Provided records:
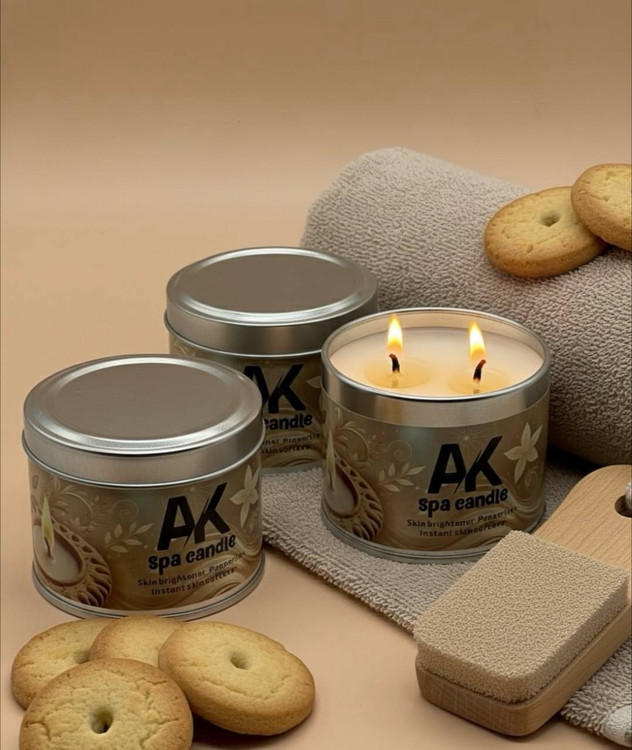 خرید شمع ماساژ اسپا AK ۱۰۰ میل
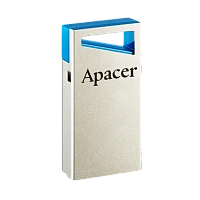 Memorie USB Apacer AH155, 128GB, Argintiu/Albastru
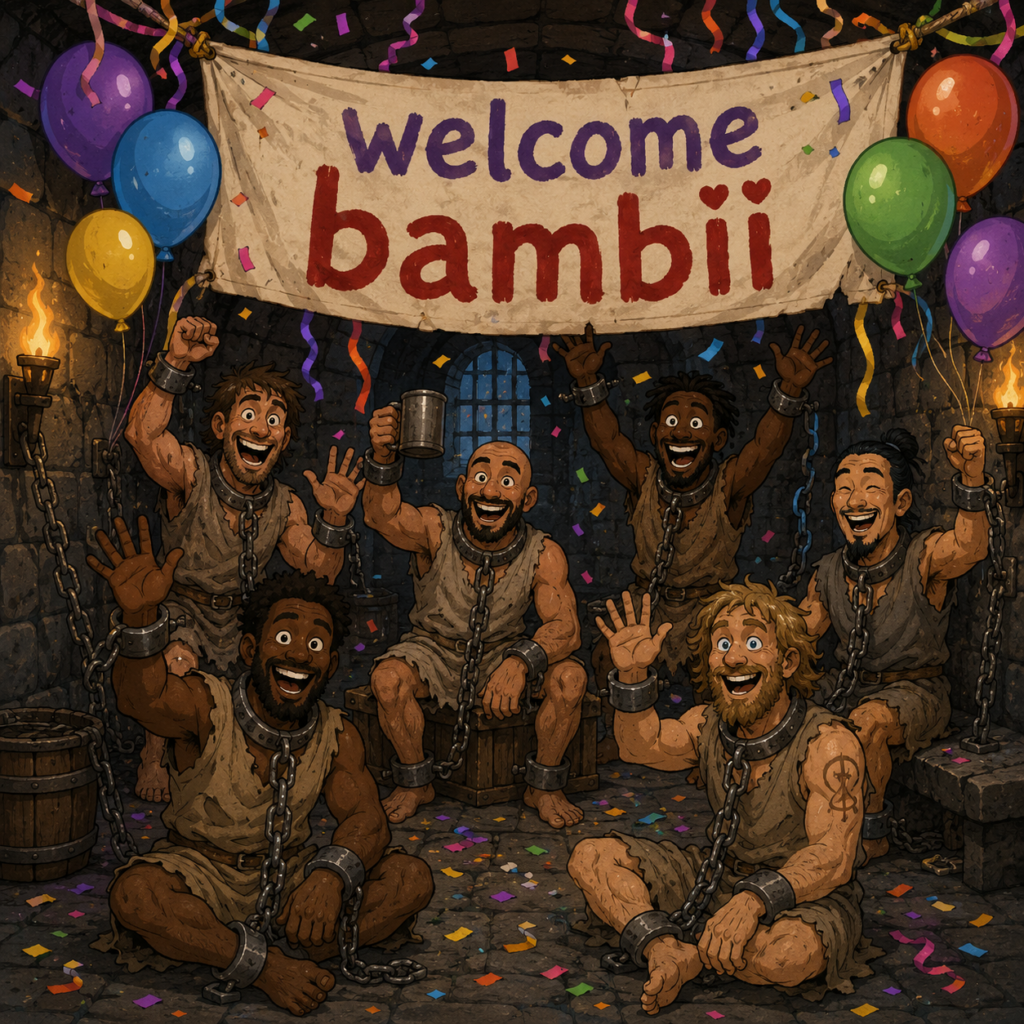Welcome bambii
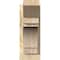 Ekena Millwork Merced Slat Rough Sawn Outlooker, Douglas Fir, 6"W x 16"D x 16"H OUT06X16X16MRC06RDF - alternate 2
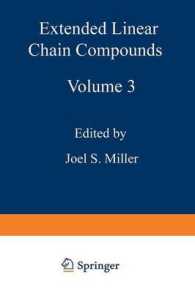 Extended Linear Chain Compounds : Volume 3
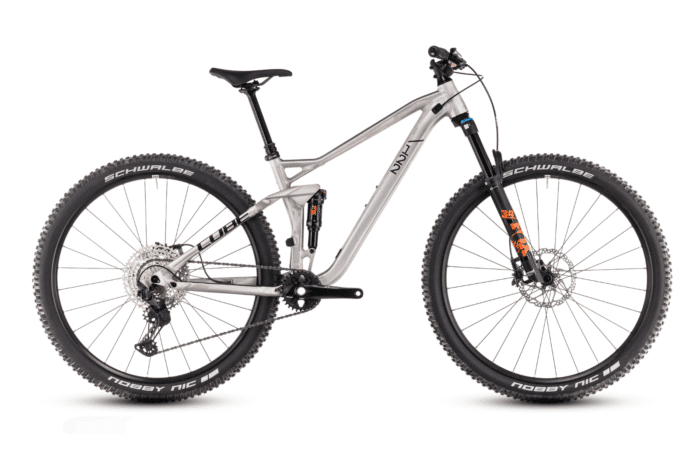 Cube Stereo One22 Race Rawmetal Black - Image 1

Problem description:
Transcribe all the records above word for word, without their images.

Answer to this problem:
 خرید شمع ماساژ اسپا AK ۱۰۰ میل
 Memorie USB Apacer AH155, 128GB, Argintiu/Albastru
Welcome bambii
 Ekena Millwork Merced Slat Rough Sawn Outlooker, Douglas Fir, 6"W x 16"D x 16"H OUT06X16X16MRC06RDF - alternate 2
 Extended Linear Chain Compounds : Volume 3
 Cube Stereo One22 Race Rawmetal Black - Image 1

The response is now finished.